The shape of the LN is assessed using the L/S ratio. An L/S ratio <2 indicates a round node whereas an L/S ratio >2 indicates an oval or elongated node, also known as Solbiati index.43 Most of the studies in this review have used L/S ratio, and one study has used S/L ratio >0.35. The studies showed a better sensitivity than specificity suggesting a higher false-positive rate for suspicion of metastasis in axillary LN when used alone.
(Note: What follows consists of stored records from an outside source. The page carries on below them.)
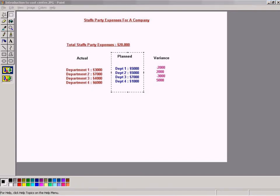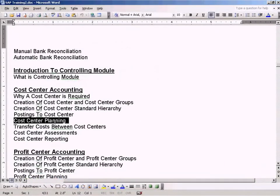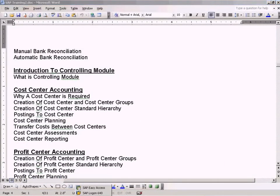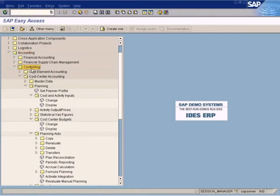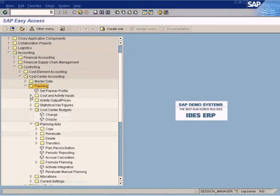In Cost Center Budgeting, we're going to cover how to enter the planned values. You come to Accounting, Controlling, Cost Center Accounting, Planning, Cost Center Budgets, and Change.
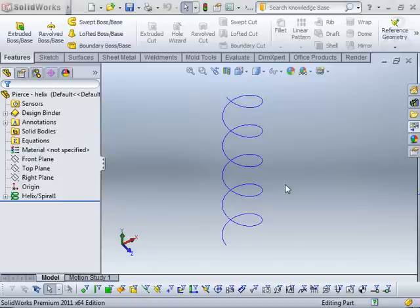G'day, it's Kieran from SolidTech here. In this video I'd like to discuss the pierce relationship, which is a sketch relationship, and I want to explain how it's different to the coincident relationship.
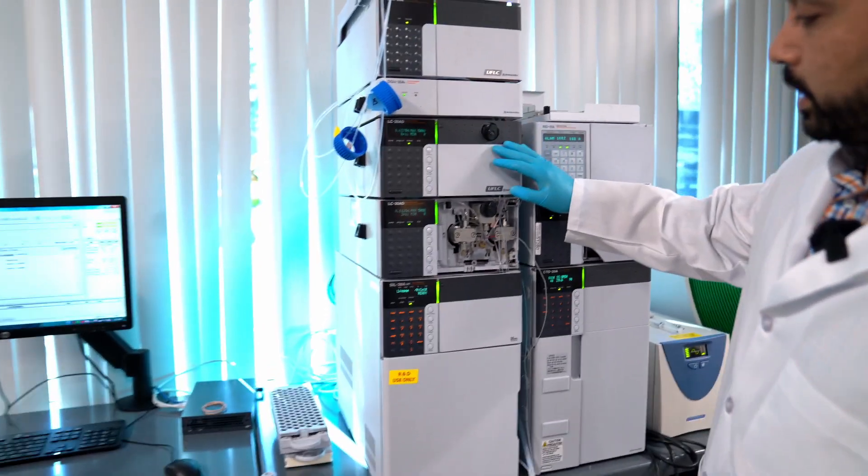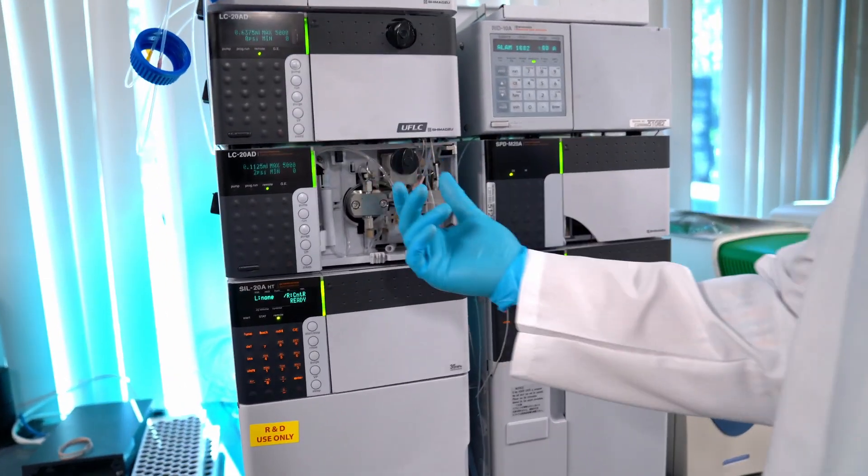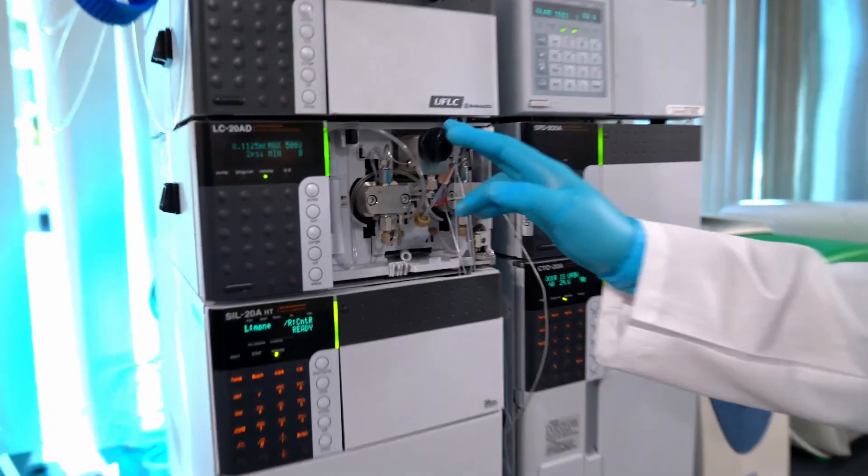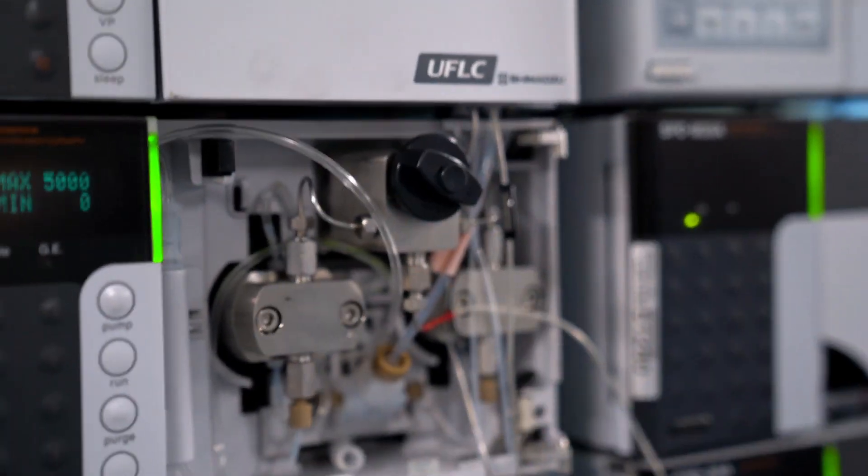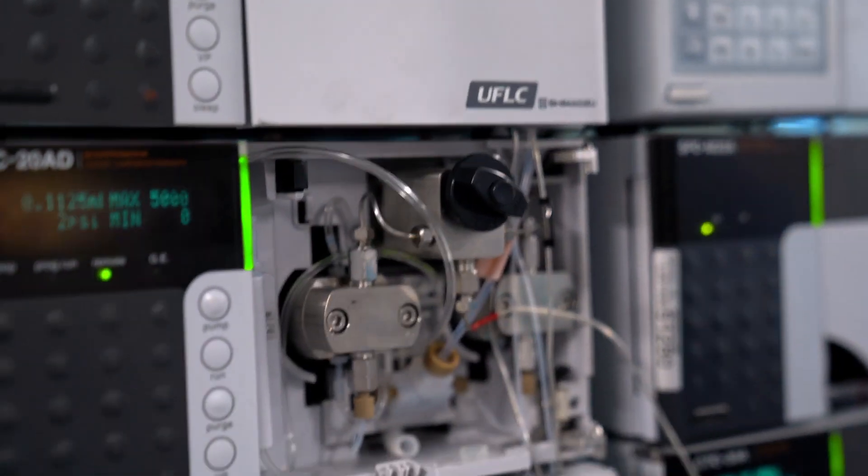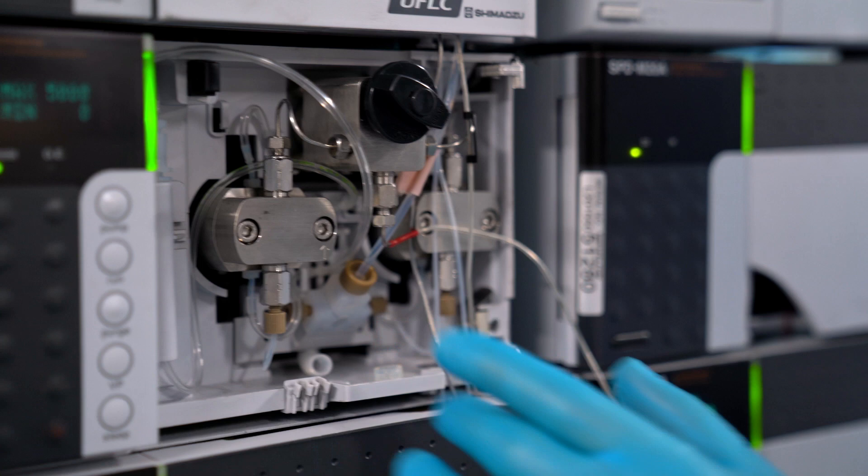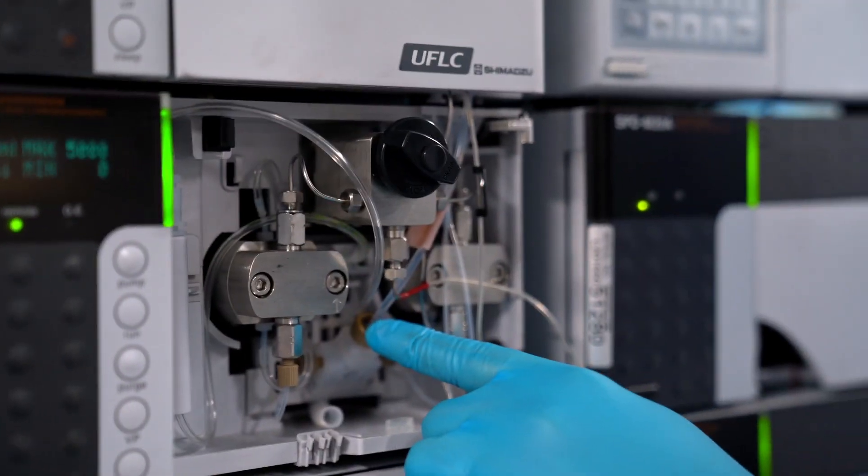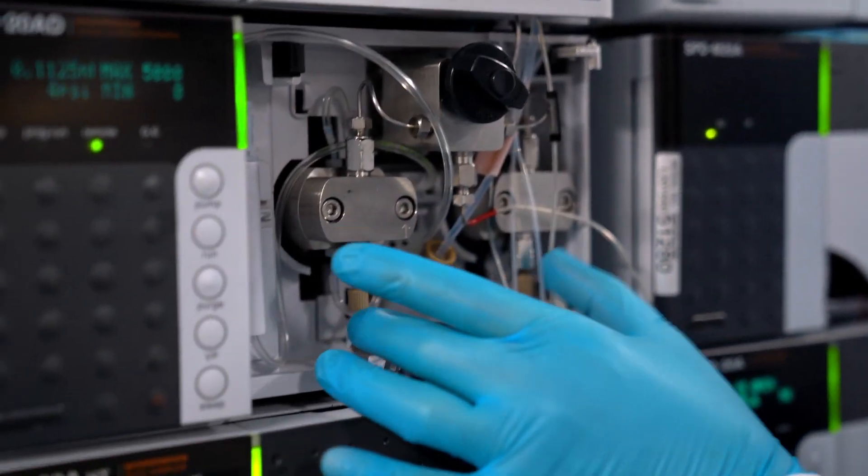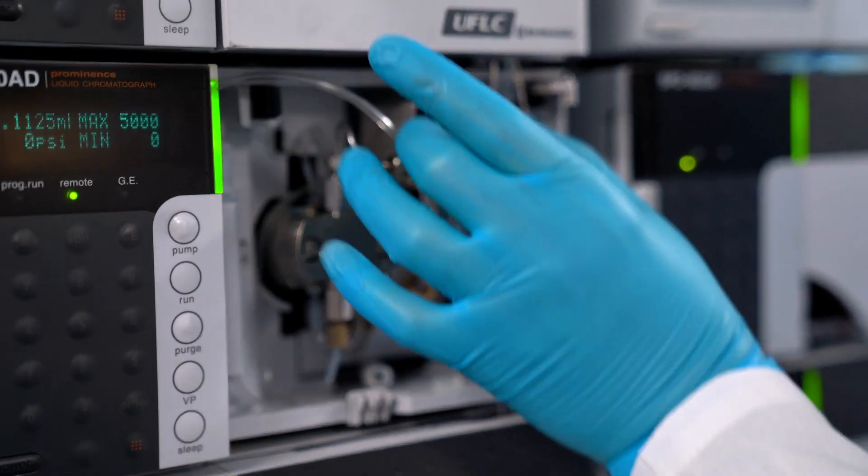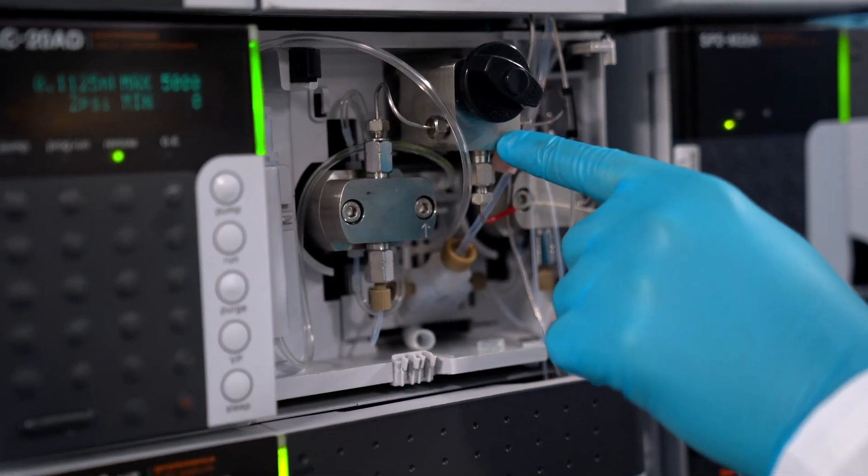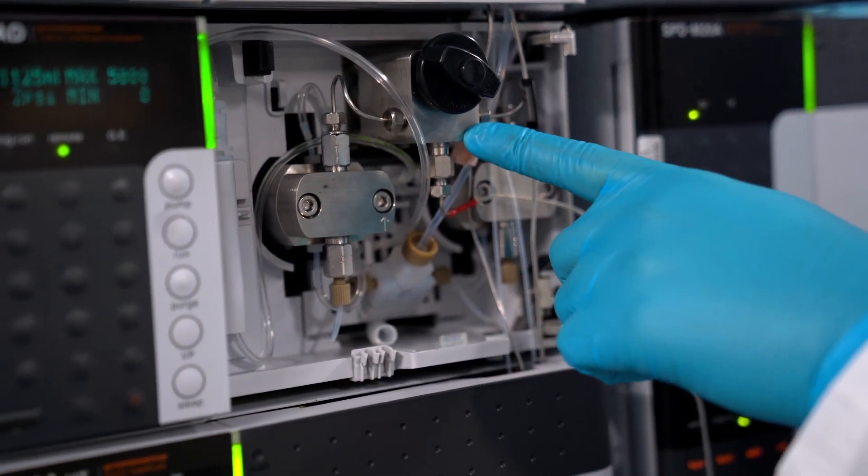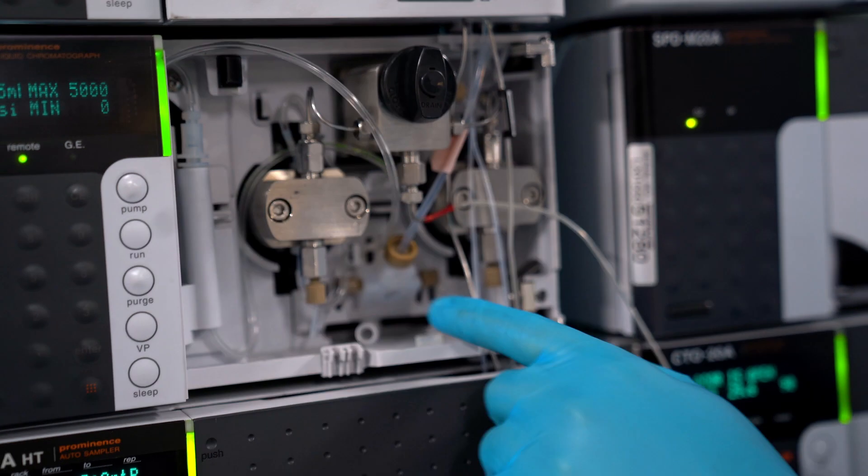Here are the pumps and this is the drain valve. All you have to do to open the drain valve is twist it like that and then that's open. The way the pumps work is the mobile phase comes in through here, comes up through the check valves and then into the drain head here.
Overall accuracy to detect axillary metastasis with USG substantially improved with the use of multiple morphological factors with or without conjunction of size of the LN. The various morphological features used were shape, echogenicity, hilum or cortical changes, echogenicity of hilum, and changes in vascular pattern on Doppler. Some studies demonstrated better sensitivity and others better specificity, with highest sensitivity and specificity reaching 100%.

LIMITATIONS

The major limitation of this review is that results could not be compared across the studies due to the differences in methodology. There may be multiple factors which could lead to the variability in the data, like choice of gold standard, type of patients selected, the way in which they were selected, different equipment, different transducer frequencies, and small variations existed in the criteria applied by different authors to determine on USG whether the node was benign or malignant.

CLINICAL SIGNIFICANCE

Pretreatment evaluation of axilla with USG, using multiple criteria, like LN size, L/S ratio, cortical, and hilar abnormalities in combination with morphological features, gave the best accuracy for detection of abnormal nodes and lowest false-negative rates in breast cancer patients. USG axilla, when performed by a dedicated sonologist, is a valuable tool for evaluation of axillary nodes.